Document A: Letter From Chairman Khrushchev to President Kennedy (ORIGINAL)

DEAR MR. PRESIDENT, I have studied with great satisfaction your reply to Mr. Thant concerning measures that should be taken to avoid contact between our vessels and thereby avoid irreparable and fatal consequences. This reasonable step on your part strengthens my belief that you are showing concern for the preservation of peace, which I note with satisfaction.

I have already said that our people, our Government, and I personally, as Chairman of the Council of Ministers, are concerned solely with having our country develop and occupy a worthy place among all peoples of the world in economic competition, in the development of culture and the arts, and in raising the living standard of the people. This is the most noble and necessary field for competition, and both the victor and the vanquished will derive only benefit from it, because it means peace and an increase in the means by which man lives and finds enjoyment.

In your statement you expressed the opinion that the main aim was not simply to come to an agreement and take measures to prevent contact between our vessels and consequently a deepening of the crisis which could, as a result of such contacts, spark a military conflict, after which all negotiations would be superfluous because other forces and other laws would then come into play--the laws of war. I agree with you that this is only the first step. The main thing that must be done is to normalize and stabilize the state of peace among states and among peoples.

I understand your concern for the security of the United States, Mr. President, because this is the primary duty of a President. But we too are disturbed about these same questions; I bear these same obligations as Chairman of the Council of Ministers of the U.S.S.R. You have been alarmed by the fact that we have aided Cuba with weapons, in order to strengthen its defense capability--precisely defense capability--because whatever weapons it may possess, Cuba cannot be equated with you since the difference in magnitude is so great, particularly in view of modern means of destruction. Our aim has been and is to help Cuba, and no one can dispute the humanity of our motives, which are oriented toward enabling Cuba to live peacefully and develop in the way its people desire.

You wish to ensure the security of your country, and this is understandable. But Cuba, too, wants the same thing; all countries want to maintain their security. But how are we, the Soviet Union, our Government, to assess your actions which are expressed in the fact that you have surrounded the Soviet Union with military bases; surrounded our allies with military bases; placed military bases literally around our country; and stationed your missile armaments there? This is no secret. Responsible American personages openly declare that it is so.
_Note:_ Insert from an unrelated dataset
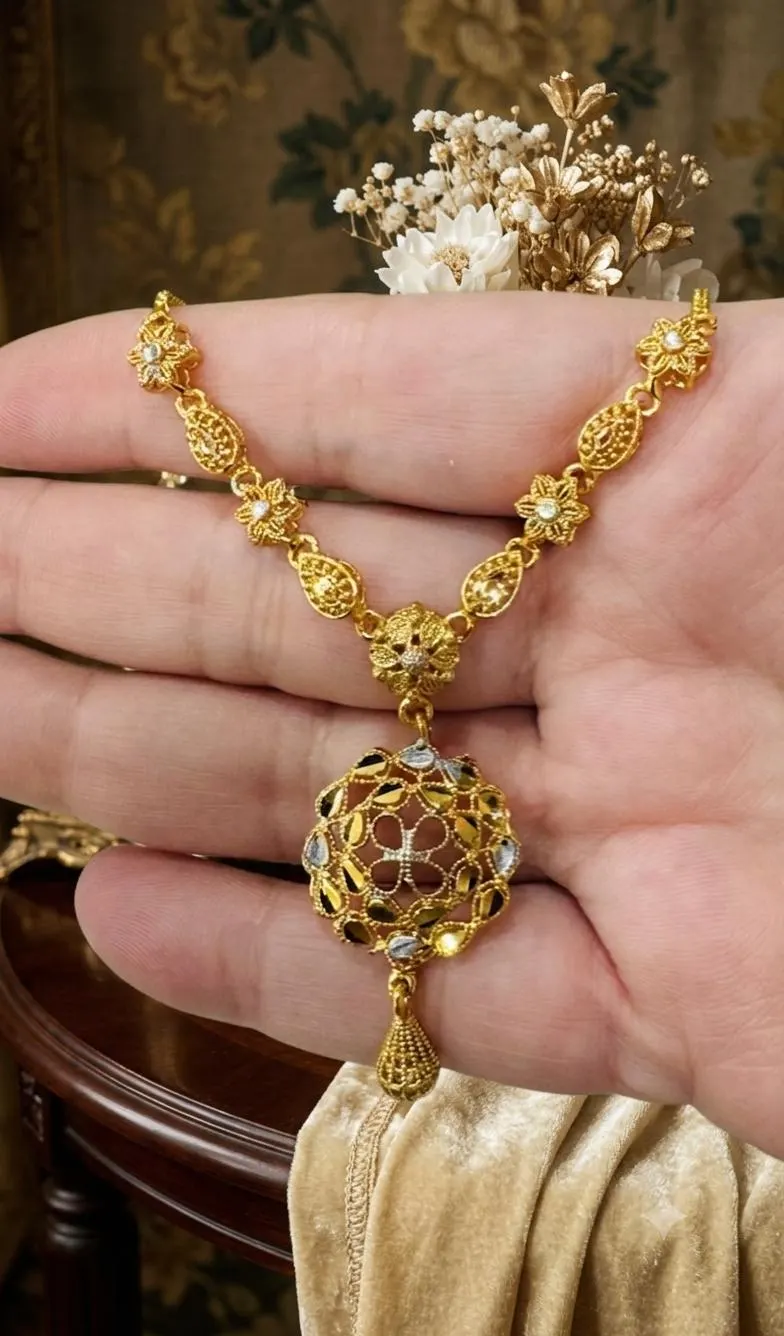 Filigree Gold Statement Necklace Delicate Intricate Lace Choker - image 5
Your missiles are located in Britain, are located in Italy, and are aimed against us. Your missiles are located in Turkey.

You are disturbed over Cuba. You say that this disturbs you because it is 90 miles by sea from the coast of the United States of America. But Turkey adjoins us; our sentries patrol back and forth and see each other. Do you consider, then, that you have the right to demand security for your own country and the removal of the weapons you call offensive, but do not accord the same right to us? You have placed destructive missile weapons, which you call offensive, in Turkey, literally next to us. How then can recognition of our equal military capacities be reconciled with such unequal relations between our great states? This is irreconcilable.
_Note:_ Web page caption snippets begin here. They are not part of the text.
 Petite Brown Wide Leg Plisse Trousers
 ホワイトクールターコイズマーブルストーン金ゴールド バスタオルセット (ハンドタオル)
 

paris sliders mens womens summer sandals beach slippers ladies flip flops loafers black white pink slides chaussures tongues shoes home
It is good, Mr. President, that you have agreed to have our represent-atives meet and begin talks, apparently through the mediation of U Thant, Acting Secretary General of the United Nations. Consequently, he to some degree has assumed the role of a mediator and we consider that he will be able to cope with this responsible mission, provided, of course, that each party drawn into this controversy displays good will.

I think it would be possible to end the controversy quickly and normalize the situation, and then the people could breathe more easily, considering that statesmen charged with responsibility are of sober mind and have an awareness of their responsibility combined with the ability to solve complex questions and not bring things to a military catastrophe.
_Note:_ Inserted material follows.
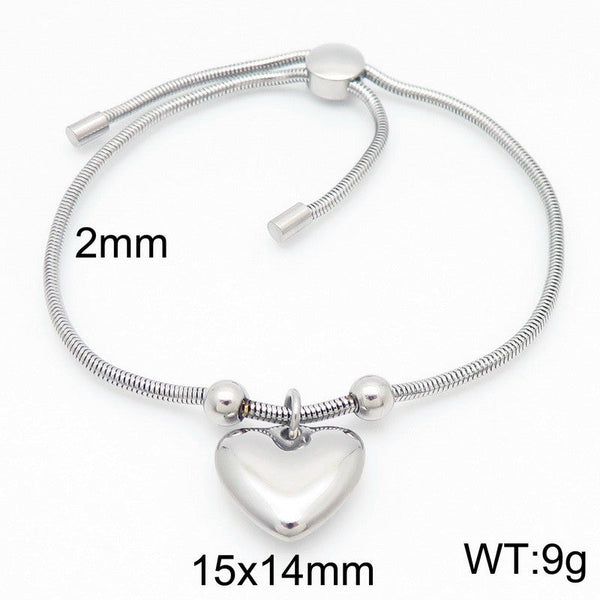 Kalen 2mm Snake Chain Heart Charm Bracelet for Women Wholesale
I therefore make this proposal: We are willing to remove from Cuba the means which you regard as offensive. We are willing to carry this out and to make this pledge in the United Nations. Your representatives will make a declaration to the effect that the United States, for its part, considering the uneasiness and anxiety of the Soviet State, will remove its analogous means from Turkey. Let us reach agreement as to the period of time needed by you and by us to bring this about. And, after that, persons entrusted by the United Nations Security Council could inspect on the spot the fulfillment of the pledges made. Of course, the permission of the Governments of Cuba and of Turkey is necessary for the entry into those countries of these representatives and for the inspection of the fulfillment of the pledge made by each side. Of course it would be best if these representatives enjoyed the confidence of the Security Council, as well as yours and mine--both the United States and the Soviet Union--and also that of Turkey and Cuba. I do not think it would be difficult to select people who would enjoy the trust and respect of all parties concerned.

We, in making this pledge, in order to give satisfaction and hope of the peoples of Cuba and Turkey and to strengthen their confidence in their security, will make a statement within the framework of the Security Council to the effect that the Soviet Government gives a solemn promise to respect the inviolability of the borders and sovereignty of Turkey, not to interfere in its internal affairs, not to invade Turkey, not to make available our territory as a bridgehead for such an invasion, and that it would also restrain those who contemplate committing aggression against Turkey, either from the territory of the Soviet Union or from the territory of Turkey's other neighboring states.

The United States Government will make a similar statement within the framework of the Security Council regarding Cuba. It will declare that the United States will respect the inviolability of Cuba's borders and its sovereignty, will pledge not to interfere in its internal affairs, not to invade Cuba itself or make its territory available as a bridgehead for such an invasion, and will also restrain those who might contemplate committing aggression against Cuba, either from the territory of the United States or from the territory of Cuba's other neighboring states.

Of course, for this we would have to come to an agreement with you and specify a certain time limit. Let us agree to some period of time, but without unnecessary delay--say within two or three weeks, not longer than a month.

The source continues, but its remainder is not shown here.